Beneath this line are the data; copy exactly the part of them that opens with the line containing "Macarale mobile industriale Galizia G 120" and closes with the line containing "Arrows | Planerium", and only that part.

-------------------------

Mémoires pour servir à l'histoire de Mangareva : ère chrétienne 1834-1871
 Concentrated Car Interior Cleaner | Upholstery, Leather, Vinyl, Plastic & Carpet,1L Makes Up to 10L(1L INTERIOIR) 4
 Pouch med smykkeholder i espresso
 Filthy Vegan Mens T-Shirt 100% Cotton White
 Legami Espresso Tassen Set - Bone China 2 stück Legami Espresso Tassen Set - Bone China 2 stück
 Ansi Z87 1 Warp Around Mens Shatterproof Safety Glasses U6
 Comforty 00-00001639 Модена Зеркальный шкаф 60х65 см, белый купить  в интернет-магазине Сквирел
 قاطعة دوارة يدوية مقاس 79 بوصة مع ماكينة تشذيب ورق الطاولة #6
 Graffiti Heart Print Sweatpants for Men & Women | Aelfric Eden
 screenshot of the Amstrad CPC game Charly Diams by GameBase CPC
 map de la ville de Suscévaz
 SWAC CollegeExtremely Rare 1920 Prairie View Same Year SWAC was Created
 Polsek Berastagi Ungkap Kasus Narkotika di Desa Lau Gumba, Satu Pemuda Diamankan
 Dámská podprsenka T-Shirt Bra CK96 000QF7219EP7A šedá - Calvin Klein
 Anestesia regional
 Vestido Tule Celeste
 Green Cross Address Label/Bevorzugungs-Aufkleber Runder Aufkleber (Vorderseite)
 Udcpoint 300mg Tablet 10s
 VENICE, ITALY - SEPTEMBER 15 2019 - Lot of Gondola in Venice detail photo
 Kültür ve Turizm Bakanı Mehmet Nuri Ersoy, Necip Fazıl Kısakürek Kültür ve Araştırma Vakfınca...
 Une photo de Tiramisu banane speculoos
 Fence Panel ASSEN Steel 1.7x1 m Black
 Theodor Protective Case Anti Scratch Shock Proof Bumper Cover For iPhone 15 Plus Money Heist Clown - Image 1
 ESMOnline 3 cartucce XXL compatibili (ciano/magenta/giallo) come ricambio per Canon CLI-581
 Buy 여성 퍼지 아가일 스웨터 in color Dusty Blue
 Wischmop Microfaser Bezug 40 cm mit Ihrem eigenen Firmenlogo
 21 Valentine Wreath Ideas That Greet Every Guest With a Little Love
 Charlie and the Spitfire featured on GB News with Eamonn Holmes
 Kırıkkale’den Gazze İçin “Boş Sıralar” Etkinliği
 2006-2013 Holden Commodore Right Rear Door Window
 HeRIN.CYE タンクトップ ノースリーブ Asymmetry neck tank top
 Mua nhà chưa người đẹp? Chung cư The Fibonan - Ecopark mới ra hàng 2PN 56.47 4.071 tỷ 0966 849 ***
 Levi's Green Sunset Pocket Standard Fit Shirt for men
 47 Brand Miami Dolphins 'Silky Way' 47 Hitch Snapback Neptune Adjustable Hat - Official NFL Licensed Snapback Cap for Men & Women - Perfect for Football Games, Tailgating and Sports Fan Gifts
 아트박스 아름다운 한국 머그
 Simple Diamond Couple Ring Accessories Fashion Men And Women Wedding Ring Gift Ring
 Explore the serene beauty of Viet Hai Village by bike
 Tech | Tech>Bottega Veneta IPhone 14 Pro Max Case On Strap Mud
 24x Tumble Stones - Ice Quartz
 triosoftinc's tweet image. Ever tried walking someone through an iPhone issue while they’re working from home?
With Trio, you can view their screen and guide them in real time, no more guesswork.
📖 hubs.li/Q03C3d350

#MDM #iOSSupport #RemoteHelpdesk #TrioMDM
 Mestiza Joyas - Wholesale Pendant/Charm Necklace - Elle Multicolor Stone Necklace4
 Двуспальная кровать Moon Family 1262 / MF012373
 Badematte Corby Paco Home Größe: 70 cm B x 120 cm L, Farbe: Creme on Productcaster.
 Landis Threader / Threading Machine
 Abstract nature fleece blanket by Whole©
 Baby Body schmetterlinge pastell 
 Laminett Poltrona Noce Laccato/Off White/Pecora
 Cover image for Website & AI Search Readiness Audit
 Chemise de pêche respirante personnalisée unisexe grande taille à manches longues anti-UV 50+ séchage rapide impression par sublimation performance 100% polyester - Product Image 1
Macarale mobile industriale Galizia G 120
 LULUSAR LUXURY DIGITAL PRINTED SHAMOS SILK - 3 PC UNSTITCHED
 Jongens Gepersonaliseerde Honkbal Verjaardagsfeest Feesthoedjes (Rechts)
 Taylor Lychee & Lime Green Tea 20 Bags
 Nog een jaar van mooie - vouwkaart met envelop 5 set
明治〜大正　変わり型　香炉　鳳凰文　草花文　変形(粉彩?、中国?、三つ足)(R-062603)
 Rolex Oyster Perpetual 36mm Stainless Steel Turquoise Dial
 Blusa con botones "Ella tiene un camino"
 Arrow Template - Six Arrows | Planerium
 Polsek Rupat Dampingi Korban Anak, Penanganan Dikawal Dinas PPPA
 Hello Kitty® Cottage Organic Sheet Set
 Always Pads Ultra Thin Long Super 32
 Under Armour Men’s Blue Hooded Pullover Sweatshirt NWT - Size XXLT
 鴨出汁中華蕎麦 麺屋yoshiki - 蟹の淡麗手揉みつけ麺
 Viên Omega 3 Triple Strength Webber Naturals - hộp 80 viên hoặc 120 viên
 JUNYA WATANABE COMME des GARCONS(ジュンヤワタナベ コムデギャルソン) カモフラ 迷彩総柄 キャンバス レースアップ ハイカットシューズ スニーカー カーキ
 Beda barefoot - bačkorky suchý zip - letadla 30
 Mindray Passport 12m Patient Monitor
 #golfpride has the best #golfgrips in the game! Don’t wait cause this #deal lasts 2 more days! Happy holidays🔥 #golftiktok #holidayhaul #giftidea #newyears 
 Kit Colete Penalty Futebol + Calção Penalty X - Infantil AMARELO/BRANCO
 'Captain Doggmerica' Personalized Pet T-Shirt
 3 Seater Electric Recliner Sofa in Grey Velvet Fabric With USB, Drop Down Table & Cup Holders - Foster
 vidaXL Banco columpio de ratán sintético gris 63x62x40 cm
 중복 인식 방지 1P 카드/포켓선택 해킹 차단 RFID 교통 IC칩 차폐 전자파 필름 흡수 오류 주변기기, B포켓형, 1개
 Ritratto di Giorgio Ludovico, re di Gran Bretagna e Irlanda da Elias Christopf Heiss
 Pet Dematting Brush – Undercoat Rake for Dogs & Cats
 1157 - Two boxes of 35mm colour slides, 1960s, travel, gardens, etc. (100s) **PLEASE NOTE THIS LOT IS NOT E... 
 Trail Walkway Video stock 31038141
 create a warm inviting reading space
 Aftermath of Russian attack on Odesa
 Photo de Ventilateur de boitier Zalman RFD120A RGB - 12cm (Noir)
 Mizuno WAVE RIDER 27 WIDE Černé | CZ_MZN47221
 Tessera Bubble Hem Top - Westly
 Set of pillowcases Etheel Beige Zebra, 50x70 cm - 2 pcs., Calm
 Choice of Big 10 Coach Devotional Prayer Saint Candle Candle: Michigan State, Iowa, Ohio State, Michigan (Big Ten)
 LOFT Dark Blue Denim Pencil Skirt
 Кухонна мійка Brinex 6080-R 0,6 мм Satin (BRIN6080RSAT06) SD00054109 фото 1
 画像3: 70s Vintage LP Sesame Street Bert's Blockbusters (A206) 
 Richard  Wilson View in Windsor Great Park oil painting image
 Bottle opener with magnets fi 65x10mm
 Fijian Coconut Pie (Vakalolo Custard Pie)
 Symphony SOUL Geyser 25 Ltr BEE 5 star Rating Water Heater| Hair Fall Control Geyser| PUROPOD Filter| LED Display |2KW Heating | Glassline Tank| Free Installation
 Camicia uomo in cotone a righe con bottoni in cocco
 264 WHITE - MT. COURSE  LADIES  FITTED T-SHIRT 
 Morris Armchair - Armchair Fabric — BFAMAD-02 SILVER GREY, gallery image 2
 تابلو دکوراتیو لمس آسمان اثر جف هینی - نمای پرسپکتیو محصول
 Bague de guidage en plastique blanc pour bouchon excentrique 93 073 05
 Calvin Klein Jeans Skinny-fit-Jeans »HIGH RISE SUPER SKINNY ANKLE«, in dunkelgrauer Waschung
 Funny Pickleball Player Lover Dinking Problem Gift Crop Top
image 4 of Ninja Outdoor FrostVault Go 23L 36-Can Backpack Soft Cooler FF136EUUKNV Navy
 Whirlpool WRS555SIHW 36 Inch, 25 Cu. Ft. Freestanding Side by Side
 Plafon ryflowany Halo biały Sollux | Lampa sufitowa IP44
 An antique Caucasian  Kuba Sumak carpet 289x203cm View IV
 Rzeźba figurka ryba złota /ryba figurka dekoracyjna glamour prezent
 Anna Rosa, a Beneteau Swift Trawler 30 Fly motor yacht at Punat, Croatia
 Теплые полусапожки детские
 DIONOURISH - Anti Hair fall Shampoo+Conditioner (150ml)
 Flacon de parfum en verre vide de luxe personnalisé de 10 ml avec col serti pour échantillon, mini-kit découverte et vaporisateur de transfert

-------------------------

Solution to this task
Macarale mobile industriale Galizia G 120
 LULUSAR LUXURY DIGITAL PRINTED SHAMOS SILK - 3 PC UNSTITCHED
 Jongens Gepersonaliseerde Honkbal Verjaardagsfeest Feesthoedjes (Rechts)
 Taylor Lychee & Lime Green Tea 20 Bags
 Nog een jaar van mooie - vouwkaart met envelop 5 set
明治〜大正　変わり型　香炉　鳳凰文　草花文　変形(粉彩?、中国?、三つ足)(R-062603)
 Rolex Oyster Perpetual 36mm Stainless Steel Turquoise Dial
 Blusa con botones "Ella tiene un camino"
 Arrow Template - Six Arrows | Planerium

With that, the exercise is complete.